There. I said it. It hurts. It's my personal "inconvenient truth." But it's true.
When it comes to the politics of the Iraq War, "we" are no better than "them."
The greatest electoral mandate in recent history -- our November smackdown -- has been responded to thusly by my fellow Democrats: screw the truth; let's play politics.
While more Americans die, Democrats play the same politics that we accuse Republicans of playing. They look ahead to '08 and '10, and temper their support for various resolutions and legislation with "what can I put on record?" and "what do I want them to put on record?"
Cut funds for the war? No...because then the failure of the war will be pinned on us.
Assert congressional authority and attach benchmarks and guideposts to Bush's execution of the war in order to continue funding? Nope, that'll make us unpatriotic.
You can almost see the questions rolling around in the heads of every spinless congressional Democrat...
Will we perceived as soft on terror? Enabling the enemy? Will I regret this vote in the next election cycle? Will it be used against me? Should we even bother if we don't have enough votes?
I don't know any more delicate way to say this:
FUCK ALL THAT! JUST END THE GODDAMNED WAR!
If it hurts us in '08, so be it. If it hurts your chances of being reelected, then maybe you can at least go to bed at night -- unemployed -- knowing that you saved a few thousand American lives.
No more non-binding resolutions.
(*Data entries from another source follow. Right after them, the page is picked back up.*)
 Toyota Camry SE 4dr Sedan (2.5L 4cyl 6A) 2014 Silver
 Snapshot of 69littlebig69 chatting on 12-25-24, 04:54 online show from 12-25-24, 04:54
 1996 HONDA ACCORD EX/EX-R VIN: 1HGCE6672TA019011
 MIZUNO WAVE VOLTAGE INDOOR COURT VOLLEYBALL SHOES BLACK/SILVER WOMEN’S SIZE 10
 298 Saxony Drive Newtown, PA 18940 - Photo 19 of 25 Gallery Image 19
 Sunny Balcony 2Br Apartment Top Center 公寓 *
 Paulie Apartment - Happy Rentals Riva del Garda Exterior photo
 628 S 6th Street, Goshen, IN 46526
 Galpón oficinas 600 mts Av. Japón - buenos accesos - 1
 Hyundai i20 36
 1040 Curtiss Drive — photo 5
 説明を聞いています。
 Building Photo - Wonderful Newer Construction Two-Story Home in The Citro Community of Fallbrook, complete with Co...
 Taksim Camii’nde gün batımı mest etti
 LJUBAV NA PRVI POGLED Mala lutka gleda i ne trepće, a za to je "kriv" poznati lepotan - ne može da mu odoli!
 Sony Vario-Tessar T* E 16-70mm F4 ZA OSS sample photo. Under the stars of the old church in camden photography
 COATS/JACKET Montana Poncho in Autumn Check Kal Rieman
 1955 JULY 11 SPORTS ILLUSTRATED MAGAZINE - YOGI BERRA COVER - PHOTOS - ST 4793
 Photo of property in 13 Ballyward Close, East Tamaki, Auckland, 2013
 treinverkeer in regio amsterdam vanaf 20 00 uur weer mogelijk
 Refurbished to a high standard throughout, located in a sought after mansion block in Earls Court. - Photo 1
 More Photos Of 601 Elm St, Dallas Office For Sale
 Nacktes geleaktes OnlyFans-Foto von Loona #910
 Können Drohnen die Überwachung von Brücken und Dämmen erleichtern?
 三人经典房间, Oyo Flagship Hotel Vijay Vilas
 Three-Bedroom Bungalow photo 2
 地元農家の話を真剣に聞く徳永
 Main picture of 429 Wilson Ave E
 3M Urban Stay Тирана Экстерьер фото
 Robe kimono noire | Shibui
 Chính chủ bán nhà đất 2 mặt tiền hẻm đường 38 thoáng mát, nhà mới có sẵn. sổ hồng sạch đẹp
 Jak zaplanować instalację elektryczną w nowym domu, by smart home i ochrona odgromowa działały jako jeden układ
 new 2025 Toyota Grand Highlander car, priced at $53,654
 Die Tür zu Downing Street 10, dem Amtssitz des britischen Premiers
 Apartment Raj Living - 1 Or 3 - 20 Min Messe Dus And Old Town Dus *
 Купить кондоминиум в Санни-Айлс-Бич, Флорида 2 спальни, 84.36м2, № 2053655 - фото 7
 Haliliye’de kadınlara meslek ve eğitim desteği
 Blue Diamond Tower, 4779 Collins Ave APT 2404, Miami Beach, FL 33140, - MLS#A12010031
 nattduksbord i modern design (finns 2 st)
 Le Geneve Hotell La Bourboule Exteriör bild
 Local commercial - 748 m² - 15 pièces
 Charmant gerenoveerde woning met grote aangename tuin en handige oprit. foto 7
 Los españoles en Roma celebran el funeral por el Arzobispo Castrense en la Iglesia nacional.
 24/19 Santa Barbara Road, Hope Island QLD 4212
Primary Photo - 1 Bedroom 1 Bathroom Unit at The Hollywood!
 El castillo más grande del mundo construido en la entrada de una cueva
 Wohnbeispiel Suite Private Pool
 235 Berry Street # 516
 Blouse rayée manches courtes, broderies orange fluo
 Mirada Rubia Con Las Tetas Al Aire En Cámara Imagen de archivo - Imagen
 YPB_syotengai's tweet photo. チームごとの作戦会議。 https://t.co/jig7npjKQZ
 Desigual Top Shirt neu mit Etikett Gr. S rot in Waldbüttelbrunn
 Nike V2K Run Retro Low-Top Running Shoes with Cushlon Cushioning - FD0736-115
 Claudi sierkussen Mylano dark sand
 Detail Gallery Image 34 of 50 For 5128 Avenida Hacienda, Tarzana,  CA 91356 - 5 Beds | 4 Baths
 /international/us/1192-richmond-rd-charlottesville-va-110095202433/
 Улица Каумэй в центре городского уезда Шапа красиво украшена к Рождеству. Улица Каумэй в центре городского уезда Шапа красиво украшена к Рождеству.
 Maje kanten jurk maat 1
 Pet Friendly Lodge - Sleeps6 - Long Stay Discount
No more nuance. No more negotiating. Just end the fucking war. Cut the funds. Do it now. Politics be damned.
The AP, just 5 hours ago:
A group of senior Senate Democrats is pushing to repeal the 2002 measure authorizing the war and pass a new resolution restricting the mission and ordering troop withdrawals to begin by this summer. In the House, a respected veteran wants to use Congress' spending power to essentially force Bush to scale back U.S. involvement in Iraq.
Both plans appear to lack the support they would need to prevail, however, as Democratic leaders struggle to form party consensus on how to move forward.
The stuggle to form party consensus isn't the result of disagreement over what must be done -- it's over how to do it while minimizing political damage. And that borders somewhere between reckless and pathetic.
It's starting to feel like Democrats want this to be Bush's problem (thus helping us in '08) more than they want to do the right thing. Maybe that's just sacrificing the here-and-now for the bigger picture. Maybe it's irresponsible. I say the latter.
We were elected to induce change -- not to invent a new game of smoke and mirrors that only makes us look like we're holding Bush accountable. We're not holding him accountable. And we're not serious about ending this war. Not when covering your political ass takes top priority.